- **EXERCISE REQUIREMENTS**
A line containing "Audi A5 Sportback" appears in the material below. Return exactly every line from the first through that one, and only those.

[[ SUPPLIED RECORDS open ]]

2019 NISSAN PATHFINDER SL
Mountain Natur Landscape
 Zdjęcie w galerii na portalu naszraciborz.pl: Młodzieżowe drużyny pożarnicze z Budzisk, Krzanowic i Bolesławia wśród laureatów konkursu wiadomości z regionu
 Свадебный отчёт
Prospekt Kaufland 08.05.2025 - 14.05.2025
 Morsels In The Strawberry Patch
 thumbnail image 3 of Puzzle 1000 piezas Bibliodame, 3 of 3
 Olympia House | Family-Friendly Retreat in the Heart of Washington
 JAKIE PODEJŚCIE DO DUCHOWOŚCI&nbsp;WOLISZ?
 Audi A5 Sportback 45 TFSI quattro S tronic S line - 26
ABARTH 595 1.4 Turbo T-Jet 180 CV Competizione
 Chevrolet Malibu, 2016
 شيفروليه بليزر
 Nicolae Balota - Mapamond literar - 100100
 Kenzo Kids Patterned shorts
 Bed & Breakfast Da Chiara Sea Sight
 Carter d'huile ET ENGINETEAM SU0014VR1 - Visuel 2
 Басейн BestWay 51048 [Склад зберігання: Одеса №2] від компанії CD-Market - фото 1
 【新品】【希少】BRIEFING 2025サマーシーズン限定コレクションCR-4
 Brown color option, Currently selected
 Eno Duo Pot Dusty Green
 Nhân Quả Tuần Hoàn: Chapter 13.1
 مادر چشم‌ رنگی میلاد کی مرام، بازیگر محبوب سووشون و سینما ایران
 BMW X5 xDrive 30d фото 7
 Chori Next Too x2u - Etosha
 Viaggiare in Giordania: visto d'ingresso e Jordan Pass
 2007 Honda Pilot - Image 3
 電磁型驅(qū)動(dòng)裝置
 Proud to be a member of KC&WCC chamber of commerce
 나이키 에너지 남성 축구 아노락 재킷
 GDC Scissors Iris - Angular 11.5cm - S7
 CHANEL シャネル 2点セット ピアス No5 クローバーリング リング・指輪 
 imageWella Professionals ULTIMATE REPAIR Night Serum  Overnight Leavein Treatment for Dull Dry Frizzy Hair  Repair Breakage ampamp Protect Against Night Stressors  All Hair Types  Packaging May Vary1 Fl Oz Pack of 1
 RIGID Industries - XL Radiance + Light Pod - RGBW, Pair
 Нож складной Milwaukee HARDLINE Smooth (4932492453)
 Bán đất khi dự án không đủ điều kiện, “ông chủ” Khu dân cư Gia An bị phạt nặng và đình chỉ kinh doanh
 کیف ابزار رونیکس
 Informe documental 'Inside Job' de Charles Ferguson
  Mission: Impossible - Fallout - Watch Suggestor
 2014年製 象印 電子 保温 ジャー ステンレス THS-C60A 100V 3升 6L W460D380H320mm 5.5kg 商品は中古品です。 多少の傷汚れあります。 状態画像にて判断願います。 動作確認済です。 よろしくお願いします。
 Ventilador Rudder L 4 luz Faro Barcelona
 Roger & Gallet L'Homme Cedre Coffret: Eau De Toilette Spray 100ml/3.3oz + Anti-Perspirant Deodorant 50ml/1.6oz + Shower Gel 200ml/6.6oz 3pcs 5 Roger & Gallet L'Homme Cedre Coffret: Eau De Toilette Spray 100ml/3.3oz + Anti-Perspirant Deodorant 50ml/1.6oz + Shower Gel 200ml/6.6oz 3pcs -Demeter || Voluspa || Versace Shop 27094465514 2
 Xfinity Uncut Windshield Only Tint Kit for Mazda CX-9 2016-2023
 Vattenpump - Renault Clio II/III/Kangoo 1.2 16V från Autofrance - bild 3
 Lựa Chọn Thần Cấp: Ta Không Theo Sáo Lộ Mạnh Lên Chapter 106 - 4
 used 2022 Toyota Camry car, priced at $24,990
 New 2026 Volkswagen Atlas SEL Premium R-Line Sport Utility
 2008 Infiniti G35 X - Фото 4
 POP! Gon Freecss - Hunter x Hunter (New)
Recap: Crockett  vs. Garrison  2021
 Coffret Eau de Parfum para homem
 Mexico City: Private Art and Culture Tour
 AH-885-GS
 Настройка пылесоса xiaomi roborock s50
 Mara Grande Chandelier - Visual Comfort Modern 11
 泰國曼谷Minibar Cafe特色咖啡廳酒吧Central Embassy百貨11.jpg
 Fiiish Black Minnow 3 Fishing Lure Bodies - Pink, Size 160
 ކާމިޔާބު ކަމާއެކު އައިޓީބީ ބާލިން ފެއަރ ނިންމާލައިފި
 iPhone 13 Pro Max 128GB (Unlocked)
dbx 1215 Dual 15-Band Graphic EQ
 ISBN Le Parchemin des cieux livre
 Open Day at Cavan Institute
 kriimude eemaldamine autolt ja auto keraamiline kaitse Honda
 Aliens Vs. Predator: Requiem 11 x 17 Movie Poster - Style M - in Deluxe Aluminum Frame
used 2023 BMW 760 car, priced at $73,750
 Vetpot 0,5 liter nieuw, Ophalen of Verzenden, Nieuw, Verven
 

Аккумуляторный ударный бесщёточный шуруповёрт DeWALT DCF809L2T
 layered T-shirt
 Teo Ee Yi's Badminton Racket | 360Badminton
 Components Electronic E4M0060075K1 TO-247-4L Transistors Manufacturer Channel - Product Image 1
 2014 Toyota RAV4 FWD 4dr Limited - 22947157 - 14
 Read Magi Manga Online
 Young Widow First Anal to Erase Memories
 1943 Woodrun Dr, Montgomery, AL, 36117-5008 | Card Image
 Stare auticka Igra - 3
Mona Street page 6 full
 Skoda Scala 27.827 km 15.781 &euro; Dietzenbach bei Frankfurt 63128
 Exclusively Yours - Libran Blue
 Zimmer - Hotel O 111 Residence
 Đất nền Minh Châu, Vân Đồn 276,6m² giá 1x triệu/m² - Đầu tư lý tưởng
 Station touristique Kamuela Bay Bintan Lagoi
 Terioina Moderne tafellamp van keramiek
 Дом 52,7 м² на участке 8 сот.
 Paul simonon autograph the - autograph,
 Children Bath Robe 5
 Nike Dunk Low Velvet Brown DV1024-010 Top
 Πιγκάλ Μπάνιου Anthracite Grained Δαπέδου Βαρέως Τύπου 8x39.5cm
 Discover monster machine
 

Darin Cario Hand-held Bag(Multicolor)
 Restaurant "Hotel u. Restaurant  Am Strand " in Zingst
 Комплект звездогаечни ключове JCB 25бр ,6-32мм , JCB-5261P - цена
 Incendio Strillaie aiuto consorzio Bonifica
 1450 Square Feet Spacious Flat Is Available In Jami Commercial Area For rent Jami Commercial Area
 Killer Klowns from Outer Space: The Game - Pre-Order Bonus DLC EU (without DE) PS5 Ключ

[[ SUPPLIED RECORDS closed ]]

- **SOLUTION**
2019 NISSAN PATHFINDER SL
Mountain Natur Landscape
 Zdjęcie w galerii na portalu naszraciborz.pl: Młodzieżowe drużyny pożarnicze z Budzisk, Krzanowic i Bolesławia wśród laureatów konkursu wiadomości z regionu
 Свадебный отчёт
Prospekt Kaufland 08.05.2025 - 14.05.2025
 Morsels In The Strawberry Patch
 thumbnail image 3 of Puzzle 1000 piezas Bibliodame, 3 of 3
 Olympia House | Family-Friendly Retreat in the Heart of Washington
 JAKIE PODEJŚCIE DO DUCHOWOŚCI&nbsp;WOLISZ?
 Audi A5 Sportback 45 TFSI quattro S tronic S line - 26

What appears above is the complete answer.